It is not a good time to be in the customer relationship management (CRM) software sector. Aside from the impact of tighter IT budgets, vendors are fighting a rearguard action against the perception that CRM often fails to deliver on many of its underlying promises.
But there are also intensifying pressures from outside the market. Many pure-play CRM companies are losing ground to vendors of enterprise resource planning (ERP) applications, as these companies increasingly offer CRM software that is directly integrated with a wider suite of business applications. This trend was highlighted by the latest financial results from CRM vendors.
Siebel Systems, the leading CRM specialist, reported revenues for its second quarter down a painful 15% to $405.6 million, compared with the same period a year ago.
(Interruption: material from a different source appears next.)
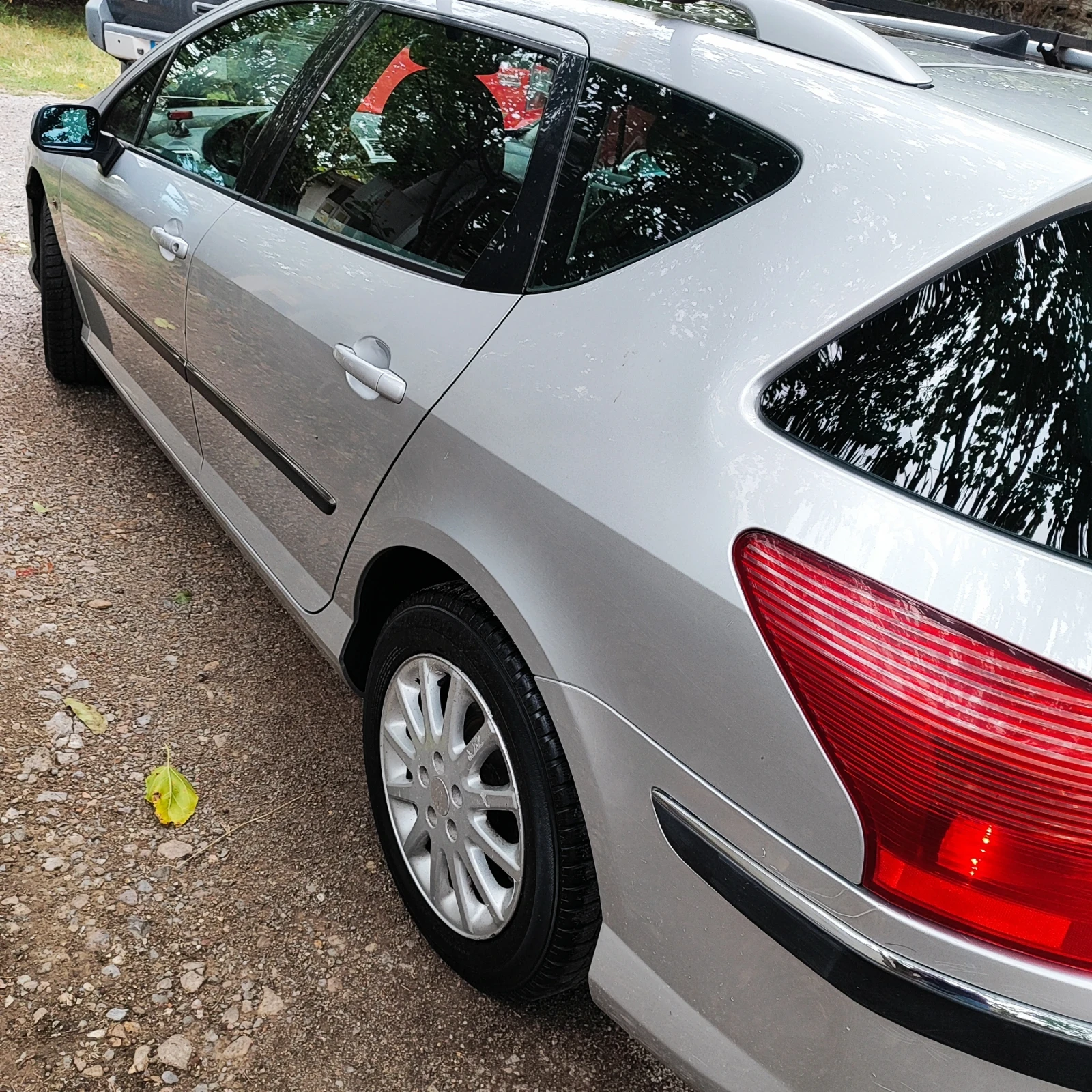 Peugeot 407 SW, снимка 2 - Автомобили и джипове - 56338222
Most of this shortfall was due to a dramatic drop in software licence sales, which fell 41% from $286.8 million to $170.1 million.
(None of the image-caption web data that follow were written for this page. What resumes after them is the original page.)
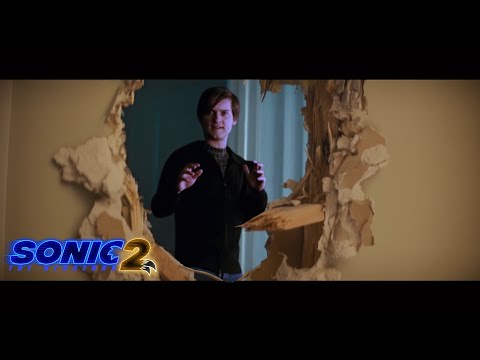 Bully Maguire Bullies Sonic in Sonic the Hedgehog 2 (2022) | Sonic The Hedgehog 2 Movie Clip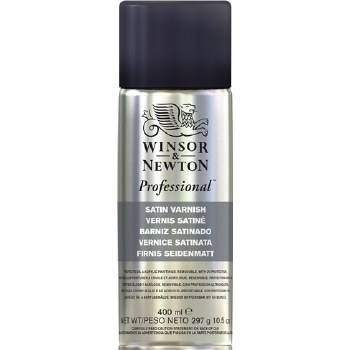 Winsor & Newton Satin Spray Varnish - 400ml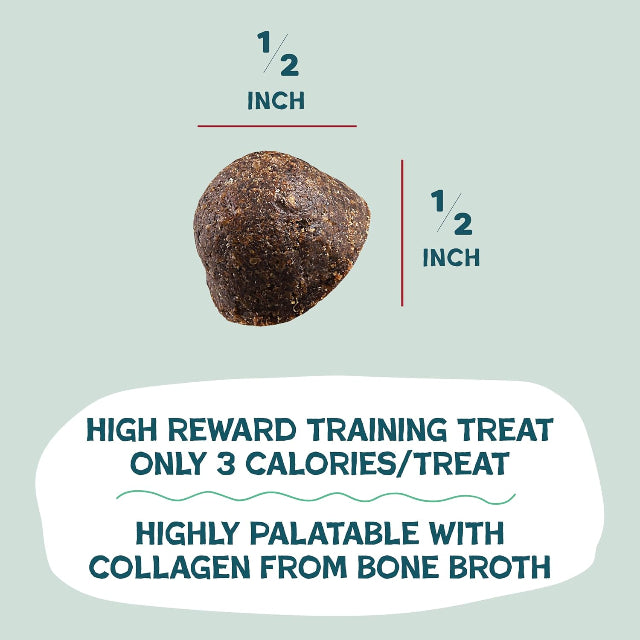 Shameless Pets Bone Broth Bits - Bacon Hits Different, 8oz. Training Treats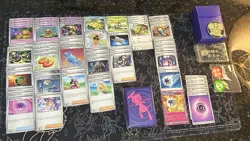 Play Pokemon TCG Alakazam “Powerful Hand” 60 Card Custom Deck - Rotation Ready - Image 2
Siebel is struggling to persuade the bulk of its customer base to upgrade to Siebel 7, the latest version of its flagship CRM suite. To date, only 60 out of its 3,500 customers have completed the upgraded, according to analyst Judy Bijesse at AMR Research, although another 700 are in the process of migrating. "This is far below the 90% figure that [CEO] Tom Siebel initially predicted would begin upgrading during the first year," says Bijesse.
There was also a reduction in the number of large deals Siebel completed. Siebel sold only three contracts of more than $5 million in its latest quarter, compared to 12 in the first quarter of 2002, according to AMR.
The situation is even tougher at Siebel rival E.piphany. Its sales slumped 40% to $19.4 million for its second quarter as sales to new customers all but stalled. In the quarter E.piphany added just six new customers, according to company sources, a performance that resulted in software licence sales of just $6.8 million. Much of that hiatus stems from the fact that customers are awaiting a new release of the company's software. Having launched the E.6 Platform in the first half of the year, the complete product will not be available until the third quarter.
Hoping to rekindle sales, the company has put in place some alternative sales channels. In July 2002, it signed a deal with systems and software giant IBM for the two companies to jointly sell and market each other's CRM-related products.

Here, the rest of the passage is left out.